They Are Human, Too
"The amount of hopes and dreams a person has should not predict the amount of smiles they receive." - Melissa McPheeters
I opted to be homeschooled for high school. For me, in the small desert town I grew up in, homeschooling meant that I would do my work self-paced and check in with a teacher once a month. I would go grocery shopping with my mom every week, enjoying that people suspected I should be in school at those hours.
There was a man who played guitar outside of WalMart. My mom would let me sit with him and chat while she got groceries. I learned that his daughter had bought him his cell phone (a flip phone back then) to be able to stay in touch. She worried about him. He was kind and would share stories about his life. He was human.
There was a man who would ask for a cigarette or spare change while my mom smoked outside of the next store (she shopped the sales and couponed like no one's business). She would always say "I just think that that could be your uncle or your brother, and I hope someone would be kind to them." He was human, too.
The people our society often keeps relegated to the fringes are no less human because of it, especially those experiencing homelessness, addiction, and mental illness. These three health challenges often intersect in significant ways. It can create discomfort it those of us who can't relate; we avert our gaze from making any kind of eye contact. We don't see them. They begin to feel invisible. They are human.
People often worry about extending a dollar or some change to a person experiencing homelessness, citing that the person will use it to buy drugs or alcohol.
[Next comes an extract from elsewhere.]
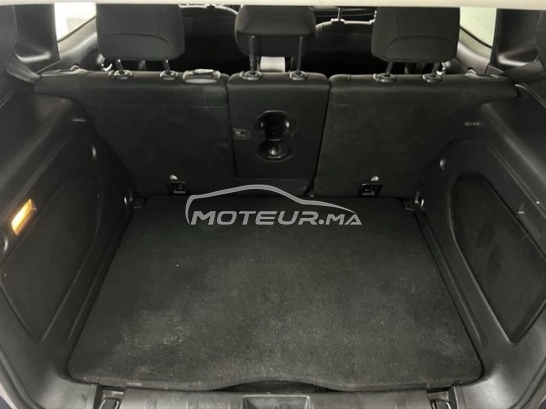 JEEP Renegade occasion 3357378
There are two problems with this assumption. One, that not all folks in this position are alcoholics or addicted to substances. Two, that buying drugs or alcohol is inherently a problem: dying from withdrawal is real (for a more detailed list of symptoms, click here). Often, seeking medical attention is not a viable pathway. People do not deserve to die as a result of our inability to collectively support them. In this context and others.
What else can you do, other than give money?
Carry individually packaged, non-perishable snacks like crackers, nuts, and cookies to offer. If someone turns you down (especially if they haven't asked for food specifically), don't take it personally. People have health conditions, food allergies, and other reasons that they may decline an offer of food. The same goes for a warm cup of coffee. Unfortunately, there are people in the world who have and will put laxatives and other things into food that they then give out under a guise of kindness. If someone is experiencing homelessness, becoming ill can be the difference between life and death.
Carry hand warmers and warm gloves in the winter time; bottled water, hand sanitizer, and now even masks and single-use gloves during the pandemic.
Make eye contact. Smile. Wave. It is free to do any or all of these things, and does not obligate you to doing anything further.
Averting your gaze, staunchly ignoring, grimacing or frowning...these things can make the recipient feel dehumanized. And it is dehumanizing them in your mind, too. Reinforcing the stereotypes and biases our brains have been socialized to concoct.
Extend kindness and compassion. They exist with inherent dignity and worth for no other reason than their humanness. They are human, too.